Watch out for strange signatures. If they look fishy — especially when pretentiously latinised —, it might be spam.

Keshi said...

yep I came here from that list :)

Good stuff mate!
Keshi.

Conrad H. Roth said...

Now Sutor, if you keep up this sort of subversive malarky I'll have to be escorting you from the premises! (And from the conclusions too.)

A kind welcome to the rest of you.

Anonymous said...

That's sad, but who really knows, anyway, what the wheel of life is preparing for God's creatures?
If risking to be fin-cuffed here, I might stick to some blog where I'm being offered a salary to write my rubbish.

Julia Buckley said...

I came here through 'Blogs of Note' too. Looks like you've got some really interesting posts. I'll certainly be back.

peacay said...

Conrad, although you do my head in at times - that's as much about the web mentality of 'fodder consumption' to which I admit I've become accustomed - I'm glad to see you give this work a fair voice.

I felt a little guilty about my flippant take, itself something of a posturing to the 'fodder consumption' attitude, but at least the post acts as a reminder to try be fair to the material my scrounging uncovers.
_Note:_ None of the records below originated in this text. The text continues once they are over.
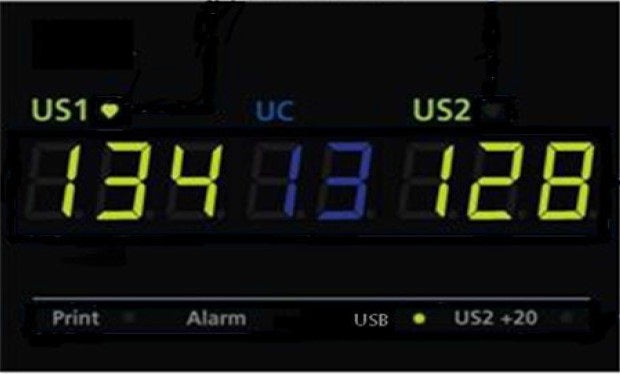 ECOtwin LED Fetalmonitor für Zwillinge, 7″ Segment-LED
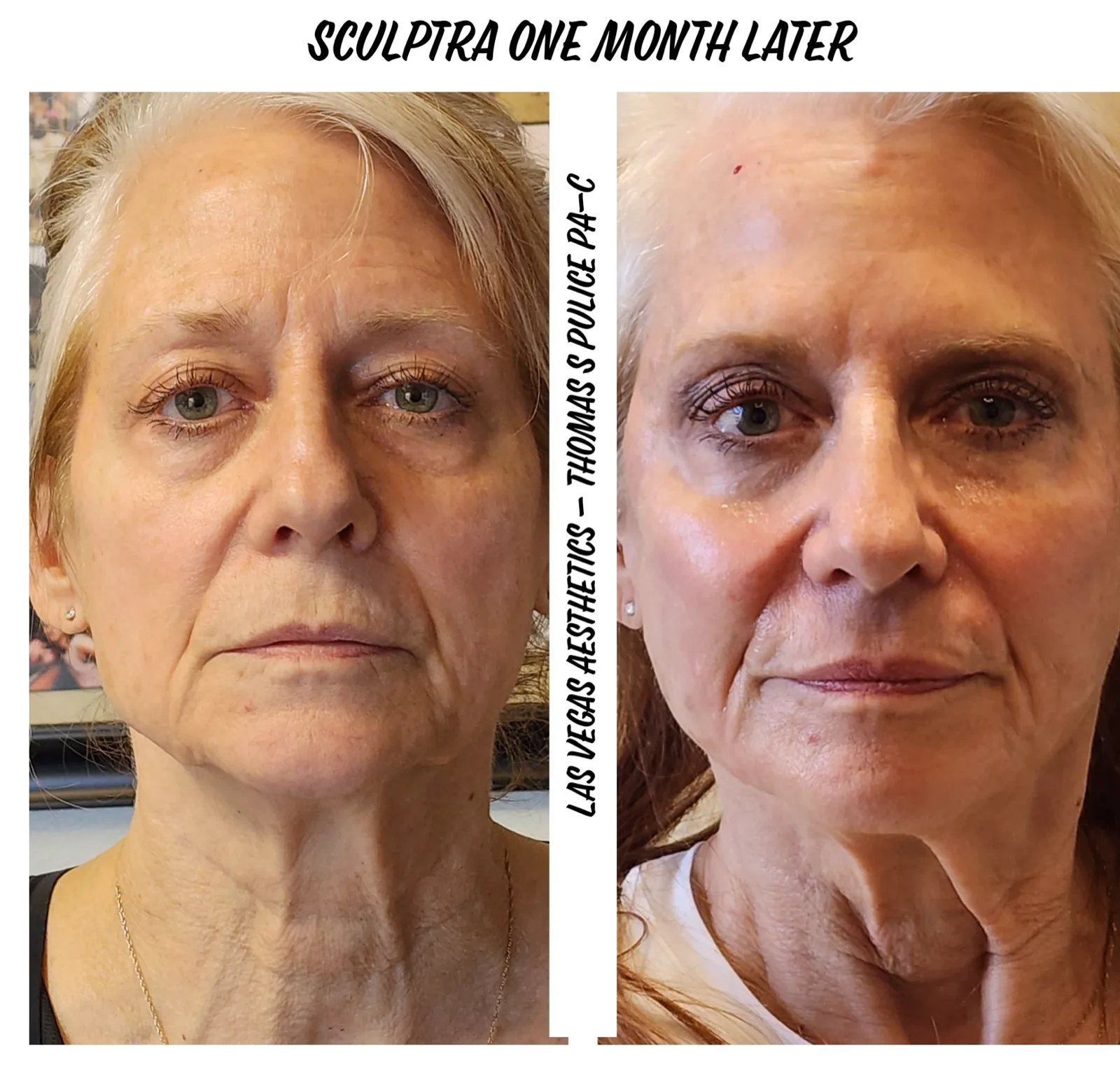 Sculptra before and after, one month later, Las Vegas Aesthetics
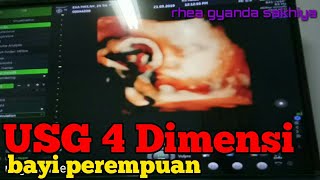 Usg 4 Dimensi Usia Kandungan 7 Bulan Bayi Perempuam Dan Bandingkan Foto Hasil Lahiran Apa Sama Youtube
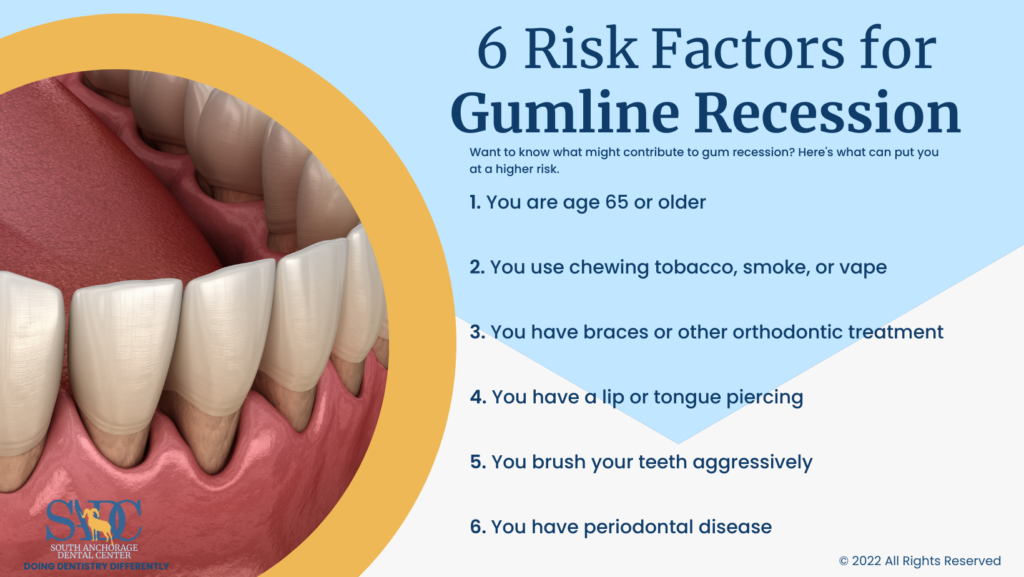 6 Risk Factors for Gumline Recession Infographic
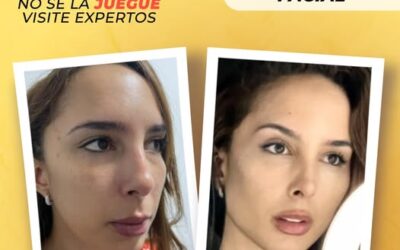 ¡Adios a los surcos!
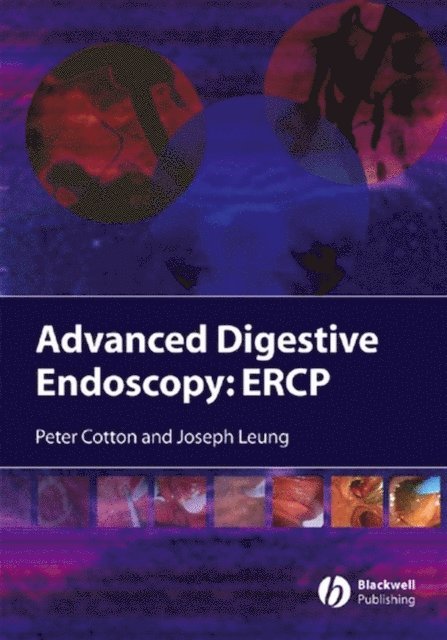 Joseph W. Leung, Peter B. Cotton - Advanced Digestive Endoscopy, E-bok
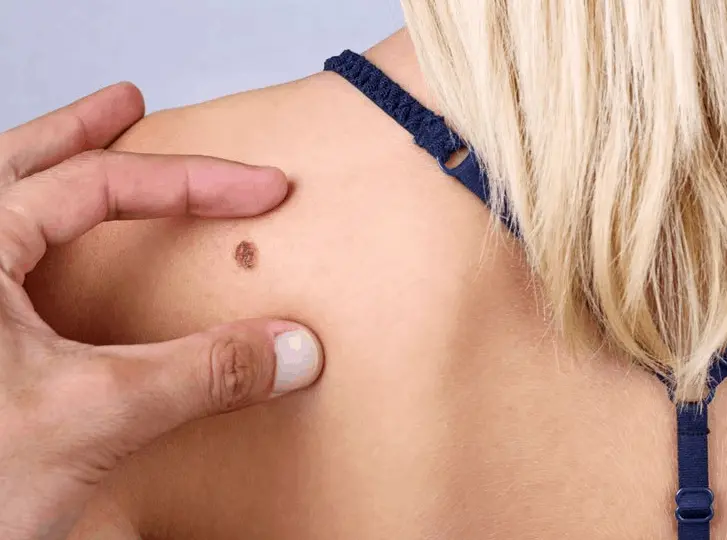 woman having mole removal Kingston Vale consultation before treatment.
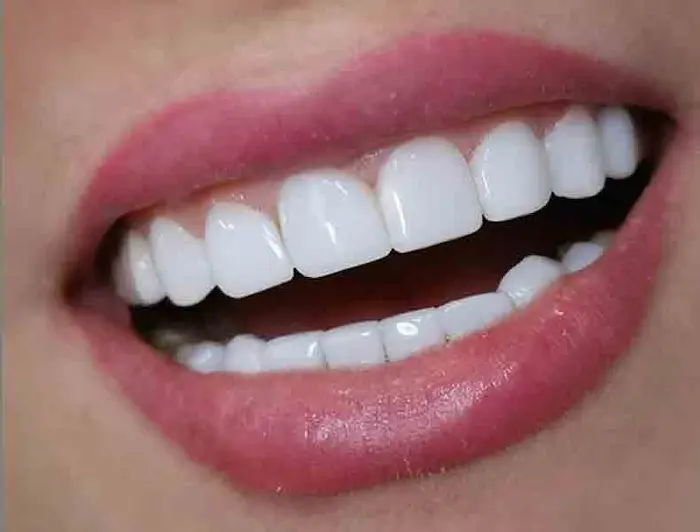 سفیدی دندان فک بالا و پایین دندان ها با کامپوزیت 468748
Some of the guilt has been assuaged too, by having gained permission to include Gounod and Mendelsshon in my little book.

The first abstract art works you say? Wow. I had no idea.

Conrad H. Roth said...

Thanks, PK. What 'little book' is this?

peacay said...

This little book!

[note to google: thank you v. much for the comment emailing thingy. It has freed up at least 3 overworked brain cells.]

Conrad H. Roth said...

Cool. How did you wangle Chapman?

peacay said...

See this. It (the foreword) is something that will split the audience I suspect.